Just came across this piece by John Humphrys in the Sunday Times. I've read him on the subject before, and it's very irritating. All the points he makes about language are absolutely correct, and so well put that I'm cheering him on.
Then come his examples. They're poor examples. This time, he takes a document from some investment bank, describing a particular team's role:
The structuring team sits within the Equity Derivatives Group. Its main roles are: i. Product innovation: define and write new payoffs with sales, traders and quants (pro-active and reactive), participate to the study of the risk management of the new payoffs. The objective is to increase sharply the amount of pro-active business . .
It is in fairly obscure jargon; the nature of the business is that different companies, or even different divisions within the same company, develop their own, different terms for the same thing. As a result, while the passage makes sense to me, working in the same field, I am not quite sure I am not misinterpreting it. "Pro-active" is a danger word, often used as a meaningless buzzword, but here it has a quite obvious and well-defined meaning.
It's certainly not well written. Participate to?. This is just the sort of thing he has been talking about, but here the writer gets away with it, in that it doesn't obscure his meaning. Next time he uses the wrong preposition he might not be so lucky. There are criticisms of style that could be made too: the last (incompletely quoted) sentence is ugly. But as the whole passage is likely to be obscure to people who are not familiar with the details of the derivatives business, it is impossible for Humphrys to separate the essential obscurity from the avoidable errors. He just calls it "meaningless drivel".
Private Eye's "Pseuds' Corner" makes similar false steps. In amongst the execrable mounds of advertising, management and political mumbo-jumbo, there are odd extracts from technical journals covering particular specialties. To me, many of them might as well be Swahili, and some of them are as clear as the speaking clock.
Humphrys is conflating several issues. One is the general sloppiness of language, which the bulk of his article describes excellently. It is a major problem, as it leads to ambiguities, and, in some cases deliberately, to statements which appear to mean something, but on closer inspection state no actual identifiable facts, but convey only a vague impression or emotion. Another is that jargon, which is necessary, but in some cases seems to be intentionally less accessible than it could be, in order to exclude outsiders from a clique. A third is that when those within a particular jargon-using culture need to communicate to outsiders, they frequently are unable to do so effectively because they have forgotten the non-jargon terms they need. A fourth is that most of us, unlike Mr Humphrys, are not professional communicators. We have other work to do, and writing down a description of our work, when requested, is often an unwelcome chore to be dispensed with with as little time and attention as possible. A fifth is the desire of some to show off by indulging in some fashionable cliche or phrase which they don't really understand, in preference to the perfectly simple and ordinary way of saying what they want. (That is probably to blame for the "sits within" of the example).

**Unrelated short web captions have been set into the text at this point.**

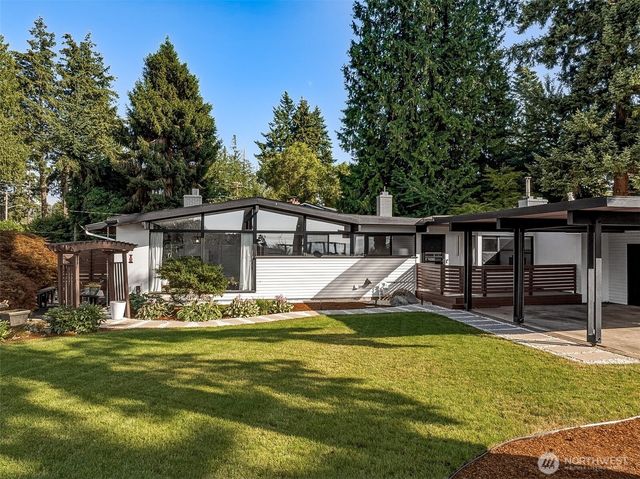 25657 Marine View Drive S, Des Moines, WA 98198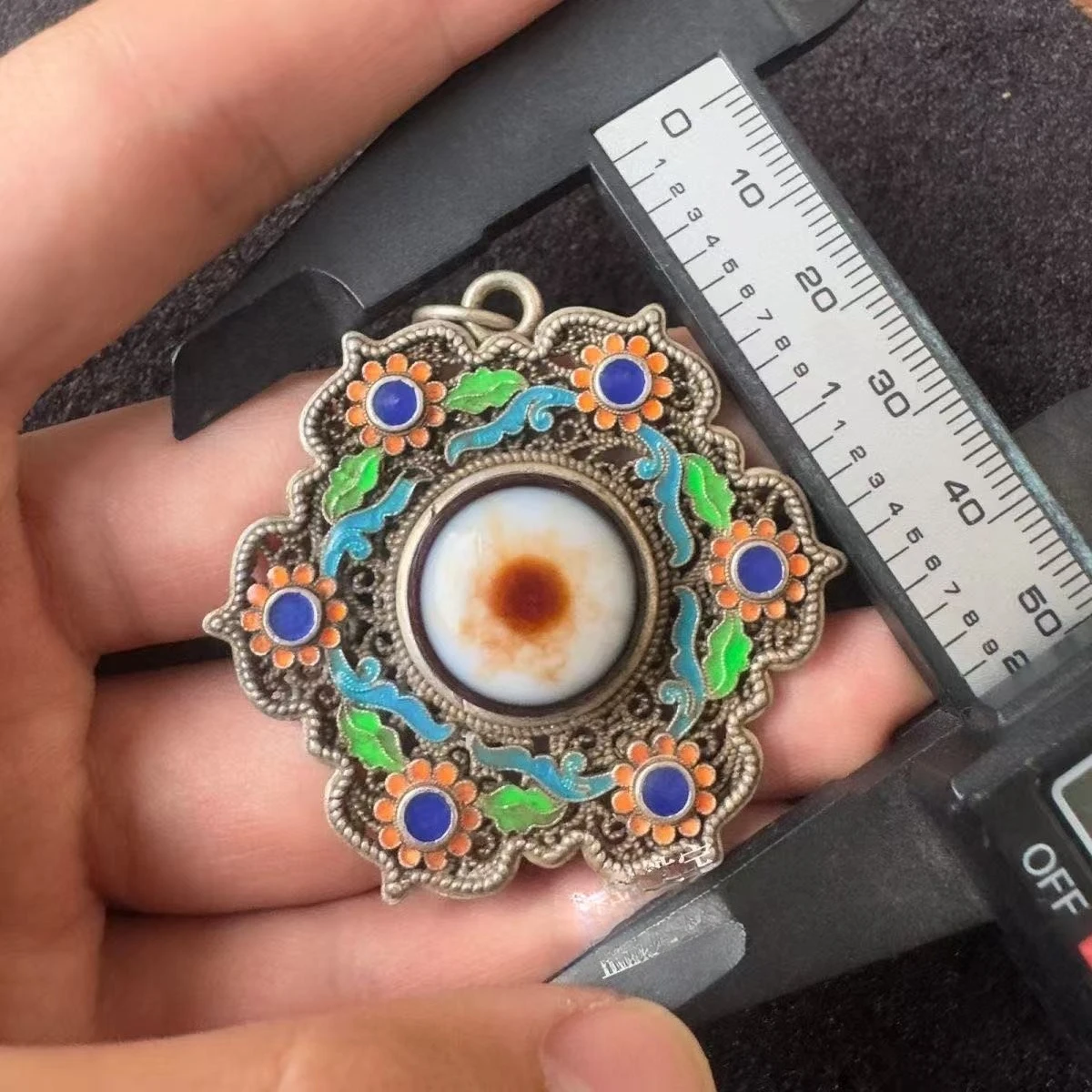 Nepal Tibetan handmade cloisonne baked blue Tibetan silver inlaid eye beads hollow old silver pendant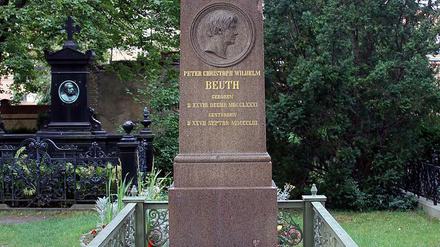Ehrengrab für Christian Peter Beuth in der Chausseestraße in Berlin-Mitte.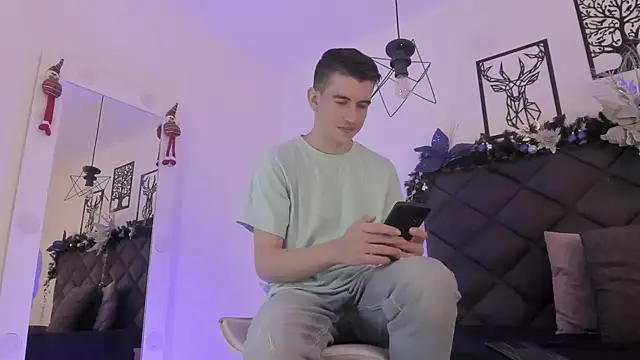 MikaelSlow online show from December 11, 3:58 am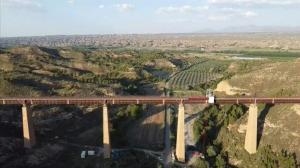 Puente sobre el río Anchurón.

I am not sure even that the claim that jargon is deliberately intended to obscure and exclude is true. It often seems that way because specialists completely exclude the normal words for their subjects from their vocabulary. You will never hear a computer specialist talk about a "computer", or a telephone engineer talk about an "exchange". That, however, has a reasonable explanation. The common-usage words are just not precise enough for technical use: does a "computer" include the monitor? Is an "exchange" all the switches on a site, or is each one an "exchange"? It is clearer for the specialist to avoid these words.
Humphrys claims that his example could not be understood even by those it was intended for. Frankly, I don't believe him. It is more likely that, in an example of another modern bad habit, it has been sent to far too long an email list, including a bunch of people who have no reason to know what the role of the equity derivatives "structure team" is.
When selecting targets to attack for bad English, force must be concentrated on those who ought to be making themselves clear to a wide audience: journalists, politicians, teachers and people selling products.
Here is a classic, from Oracle, highlighted by Bruce Schneier, when the product they advertised widely as "unbreakable" turned out to be full of security holes:
Oracle's security chief, Mary Ann Davidson, claims that the campaign "speaks to" fourteen independent security evaluations that Oracle's database server passed.
What does "speaks to" mean? In English, it means that the security evaluations were the target of the campaign, which is obviously rubbish.
What is actually means in the context is "is a lie inspired by", which is not what Ms Davidson wants to be caught saying in so many words.
Instead, a meaningless phrase has been used in attempt to hide the gap between the facts at the base of the campaign (some researchers had looked for security holes and not found any), and the claims made by the campaign (there were definitely no security holes). To anyone at all familiar with software, that's a yawning great gap, but the spokesperson attempts to bridge it by saying that the claims "spoke to" the facts, which doesn't mean anything at all and leaves the gap unbridged.
There is another modern curse and obstacle to communication: the spell-checker, but that's off the point and I'll rant about that on another occassion.